The Washington Post on the nation's growing drug shortage problem today:

Shortages of prescription drugs have been a growing concern for the past six years. They nearly tripled from 2005 to 2010 and reached record levels in 2011 as manufacturers ceased operations or ran into production problems. ... In some cases, lifesaving treatments have been delayed, sending patients on desperate searches for needed medicines, doctors say. Shortages have also caused injuries from mistakes and at least 15 deaths around the country since mid-2011, according to the Institute for Safe Medication Practices, a nonprofit that tracks medication errors.
Last year, nearly half of hospitals reported experiencing a drug shortage on a daily basis, according to a survey of 820 hospitals by the American Hospital Association. About 82 percent of hospitals said they delayed treatment because of a shortage, and 35 percent of hospitals said patients experienced “adverse outcomes.” The survey did not categorize those outcomes, a spokeswoman said.
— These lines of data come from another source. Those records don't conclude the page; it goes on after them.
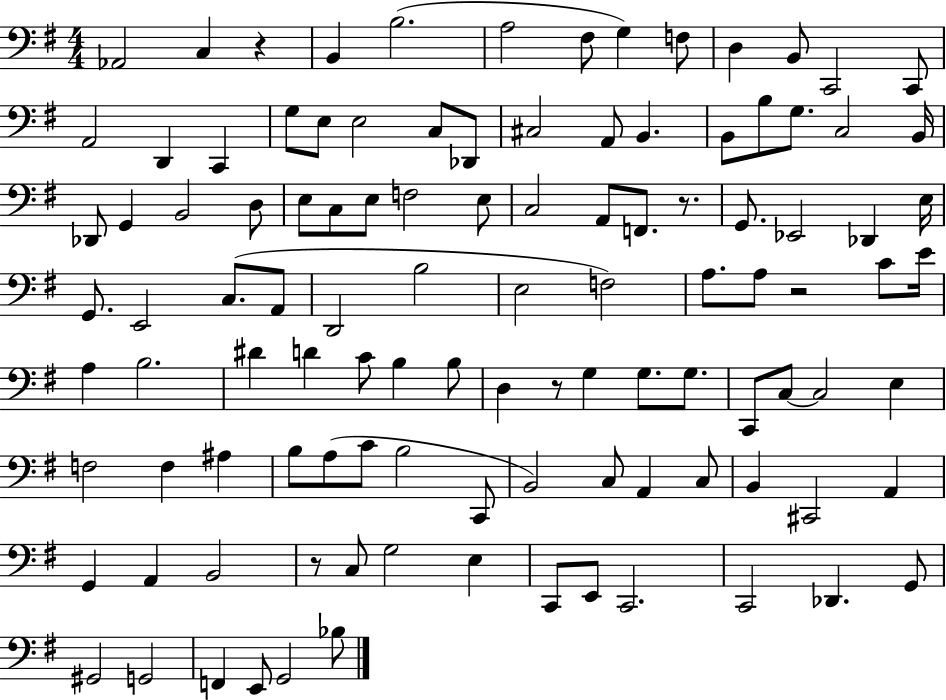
{
  \clef bass
  \numericTimeSignature
  \time 4/4
  \key g \major
  aes,2 c4 r4 | b,4 b2.( | a2 fis8 g4) f8 | d4 b,8 c,2 c,8 | \break a,2 d,4 c,4 | g8 e8 e2 c8 des,8 | cis2 a,8 b,4. | b,8 b8 g8. c2 b,16 | \break des,8 g,4 b,2 d8 | e8 c8 e8 f2 e8 | c2 a,8 f,8. r8. | g,8. ees,2 des,4 e16 | \break g,8. e,2 c8.( a,8 | d,2 b2 | e2 f2) | a8. a8 r2 c'8 e'16 | \break a4 b2. | dis'4 d'4 c'8 b4 b8 | d4 r8 g4 g8. g8. | c,8 c8~~ c2 e4 | \break f2 f4 ais4 | b8 a8( c'8 b2 c,8 | b,2) c8 a,4 c8 | b,4 cis,2 a,4 | \break g,4 a,4 b,2 | r8 c8 g2 e4 | c,8 e,8 c,2. | c,2 des,4. g,8 | \break gis,2 g,2 | f,4 e,8 g,2 bes8 | \bar "|."
} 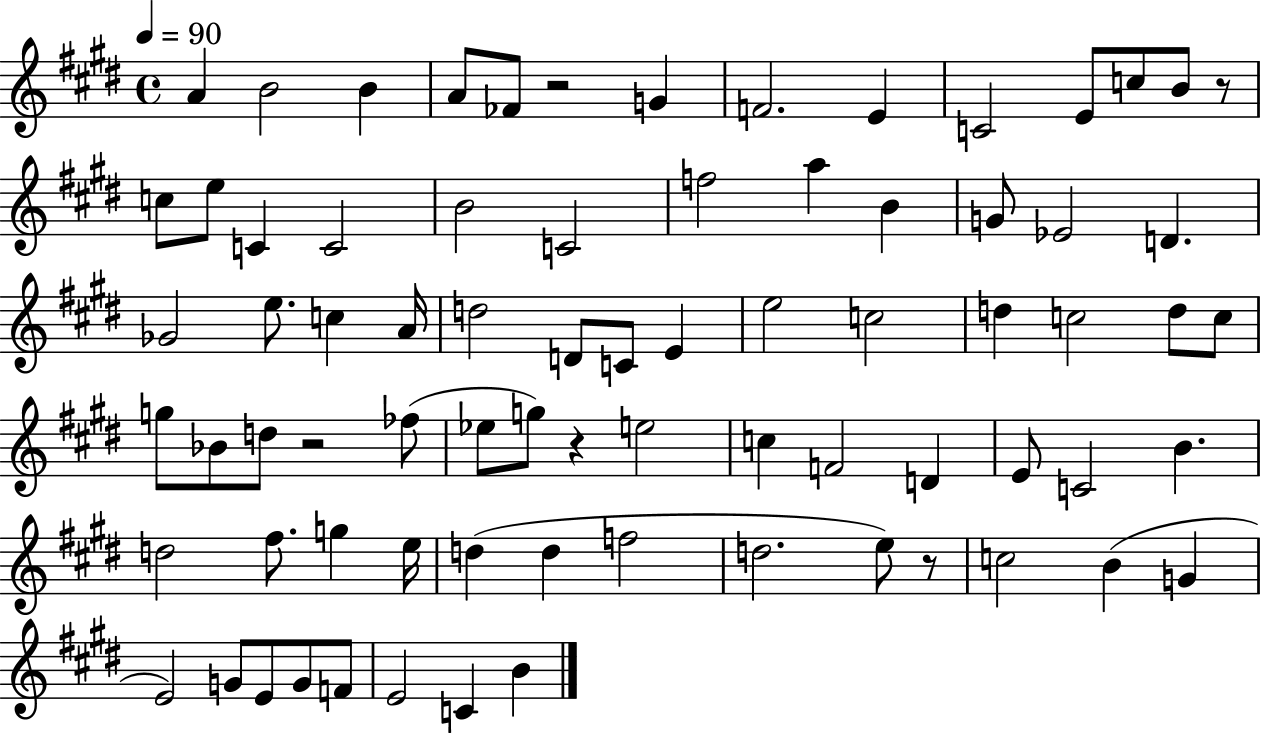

So why are these shortages happening? The Post doesn't begin to try and explain why until the 26th paragraph when they report, "A number of complex factors are contributing to the shortage, experts said." But as John Goodman explains at theHealth Affairs Blog, the FDA is the main source of the problem:

The Federal Food and Drug Administration (FDA) has been stepping up its quality enforcement efforts — levying fines and forcing manufacturers to retool their facilities both here and abroad. Not only has this more rigorous regulatory oversight slowed down production, the FDA’s “zero tolerance” regime is forcing manufacturers to abide by rules that are rigid, inflexible and unforgiving. For example, a drug manufacturer must get approval for how much of a drug it plans to produce, as well as the timeframe. If a shortage develops (because, say, the FDA shuts down a competitor’s plant), a drug manufacturer cannot increase its output of that drug without another round of approvals. Nor can it alter its timetable production (producing a shortage drug earlier than planned) without FDA approval.